[Opening RECORDS FOR THE EXERCISE section]

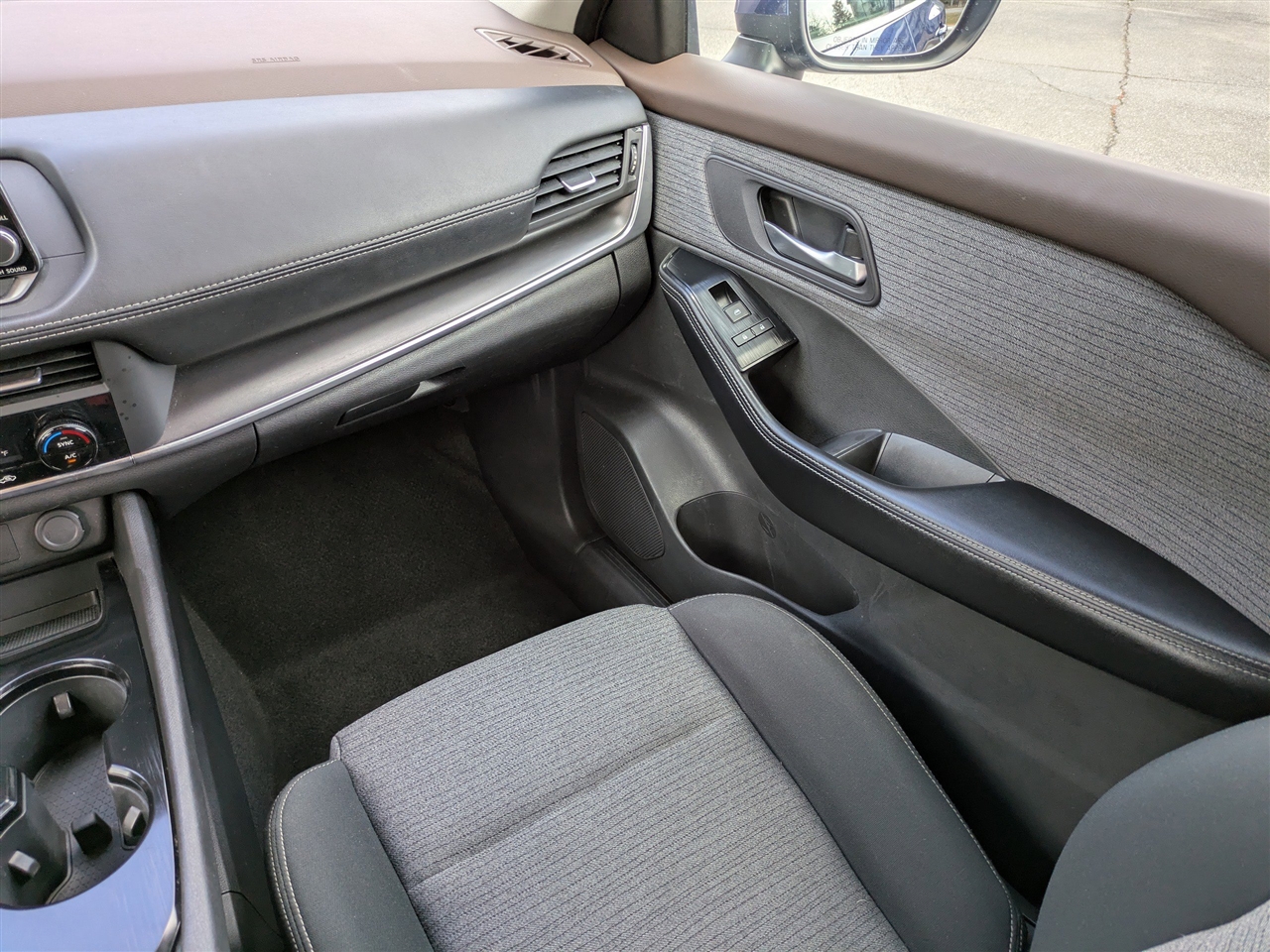 Nissan Rogue SV 2023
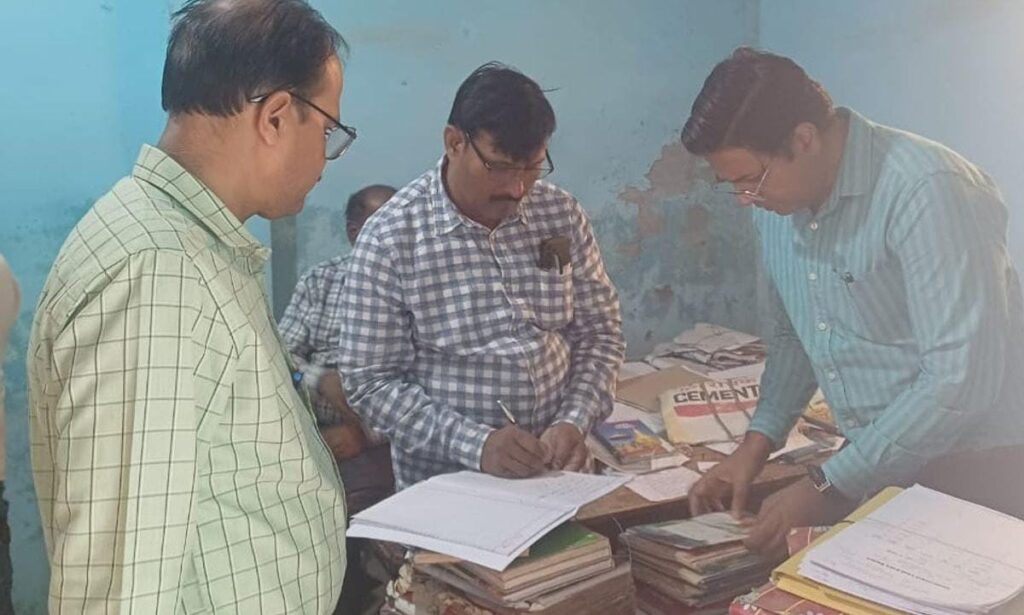 अवैध कार्यालय का भंडाफोड़ ; दो राजस्व कर्मचारी गिरफ्तार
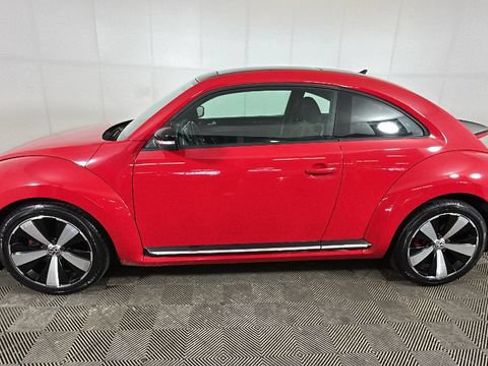 Used 2013 Volkswagen Beetle Turbo FWD image 5
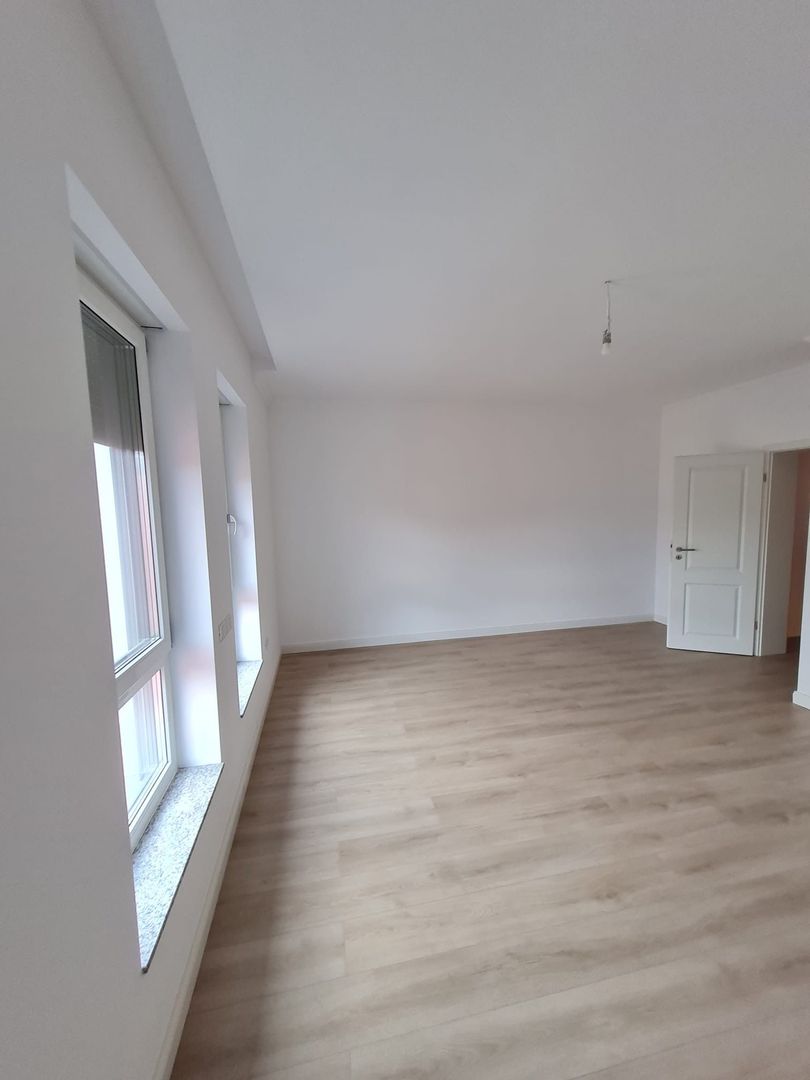 Proiect deosebit la 5 minute de Iulius Town - Poză 20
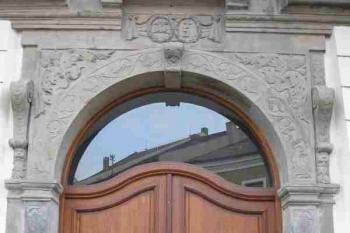 zdobený renesanční portál (© Ondřej Štěpánek 04/2006)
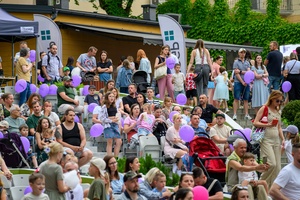 39. TNF: Dzień 3 (1.06.2025) - Rodzice z pociechami na widowni w Amfiteatrze Letnim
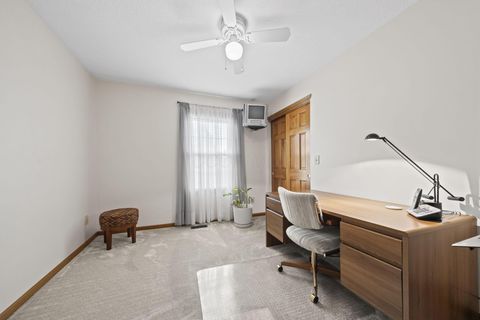 Tiny photo for 2458 Hickorybend Court, Grove City, OH 43123 (MLS # 226013939)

[Closing RECORDS FOR THE EXERCISE section]

WORK ORDER: Without any of the pictures, repeat the entries above word for word.

RESPONSE BELOW:
 Nissan Rogue SV 2023
 अवैध कार्यालय का भंडाफोड़ ; दो राजस्व कर्मचारी गिरफ्तार
 Used 2013 Volkswagen Beetle Turbo FWD image 5
 Proiect deosebit la 5 minute de Iulius Town - Poză 20
 zdobený renesanční portál (© Ondřej Štěpánek 04/2006)
 39. TNF: Dzień 3 (1.06.2025) - Rodzice z pociechami na widowni w Amfiteatrze Letnim
 Tiny photo for 2458 Hickorybend Court, Grove City, OH 43123 (MLS # 226013939)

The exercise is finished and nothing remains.